### [Assignment]
Everything from the line containing "Система охлаждения Thermaltake" to the last line of the material below must be retyped exactly, both ends included; skip the pictures.

[[ Data to examine, beginning ]]

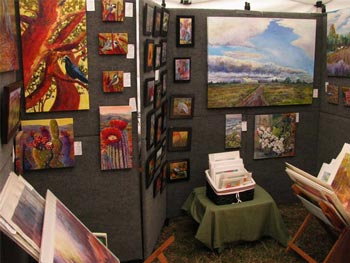 Booth
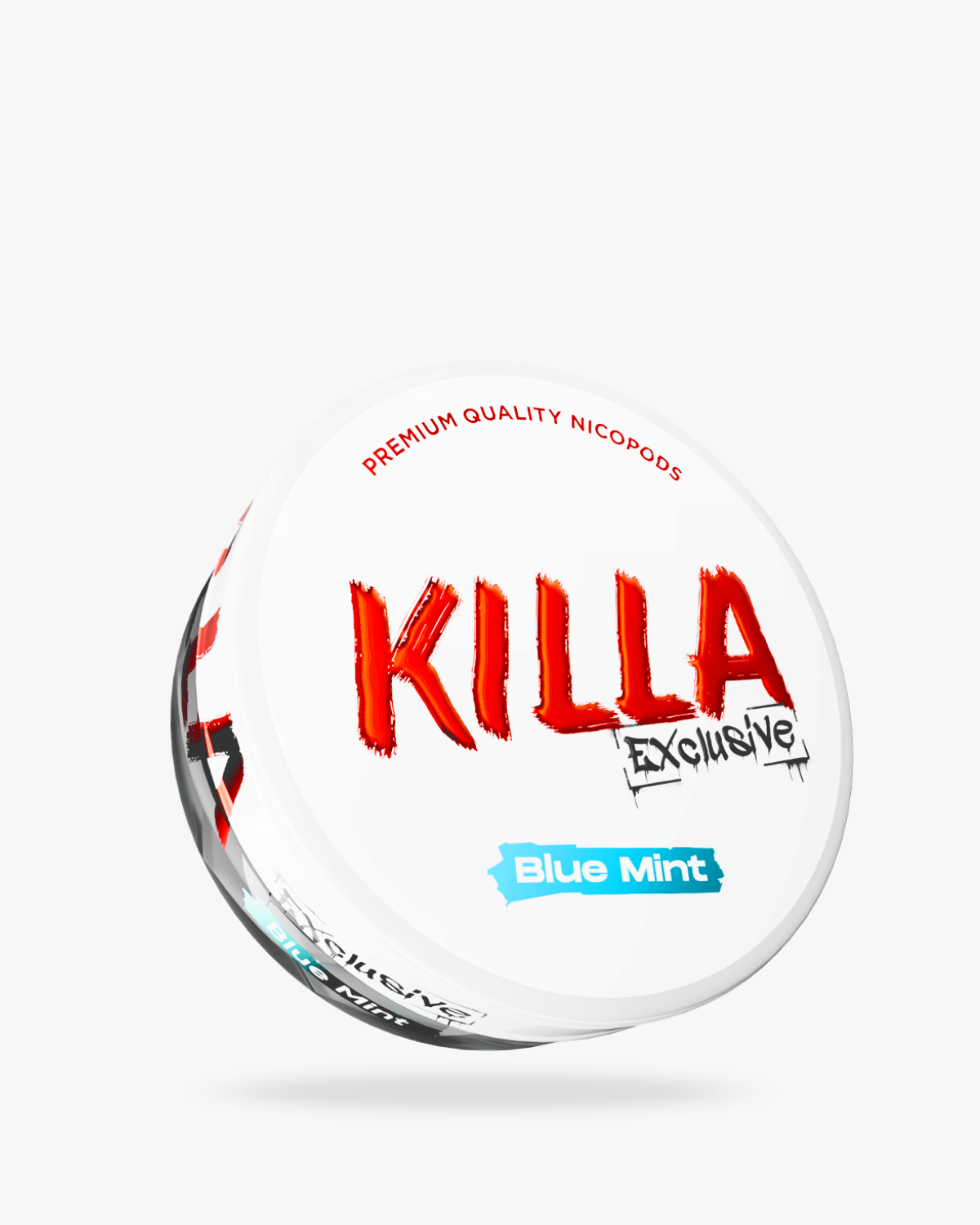 Killa Exclusive Blue Mint Nicotine Pouches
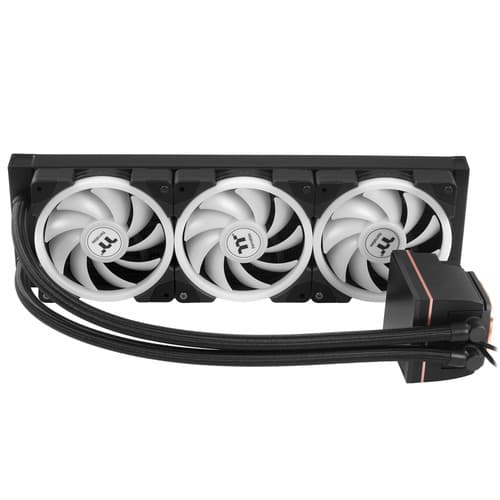 Система охлаждения Thermaltake MAGFloe 360 Ultra ARGB черная thumb 3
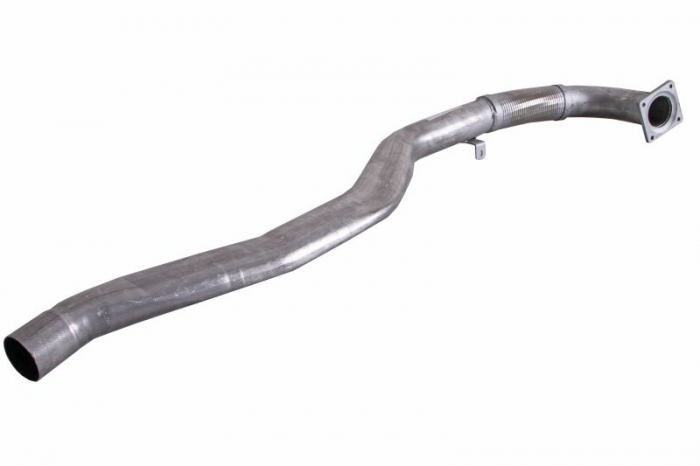 Racord evacuare potrivit IVECO EUROCARGO I-III F4AE0681A-F4AE3681E 2000-2015 (lungime:1510mm) [2]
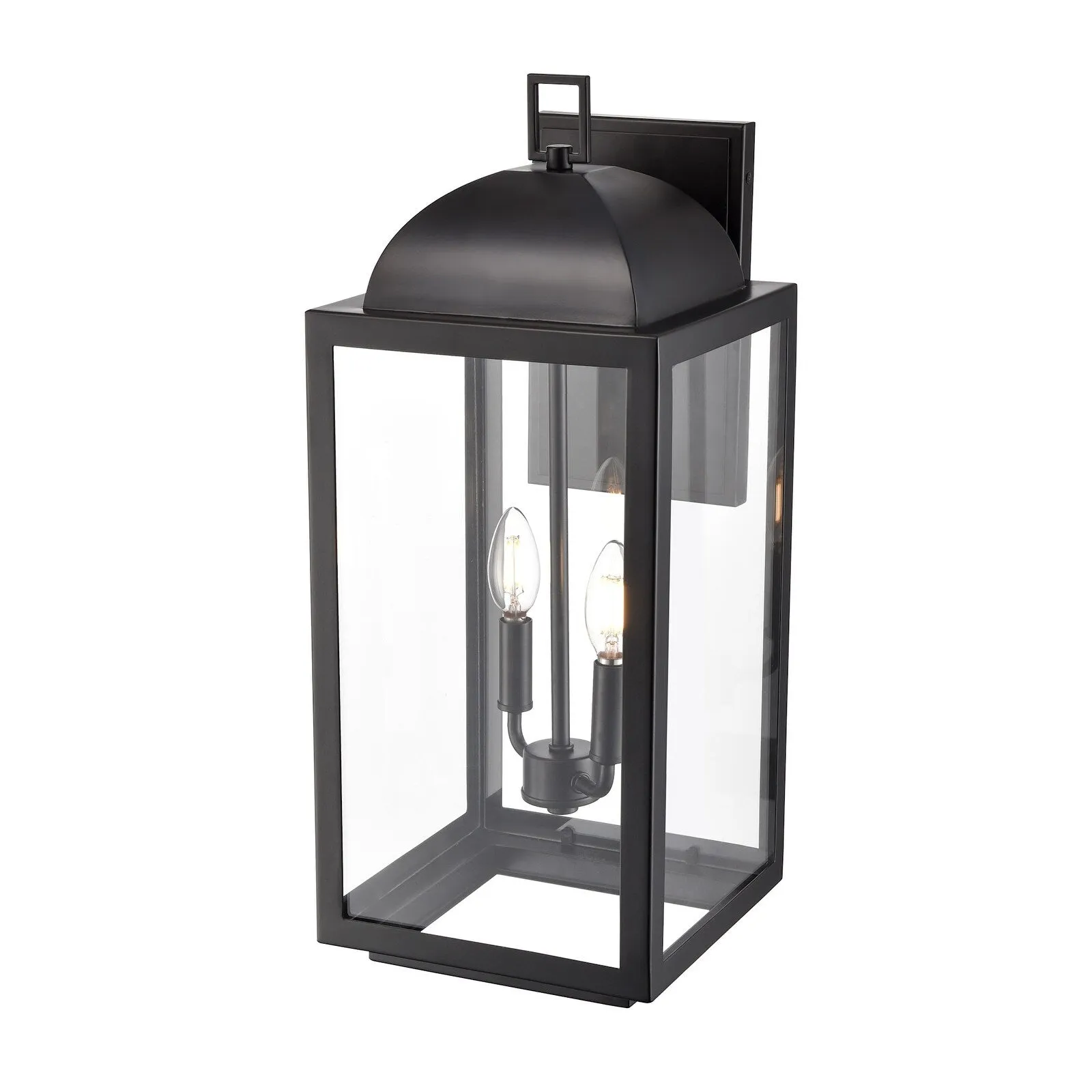 Millennium Lighting 194002 Beaufort 2 Light 23 Tall Outdoor Wall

[[ Data to examine, end ]]

### [Reply]
 Система охлаждения Thermaltake MAGFloe 360 Ultra ARGB черная thumb 3
 Racord evacuare potrivit IVECO EUROCARGO I-III F4AE0681A-F4AE3681E 2000-2015 (lungime:1510mm) [2]
 Millennium Lighting 194002 Beaufort 2 Light 23 Tall Outdoor Wall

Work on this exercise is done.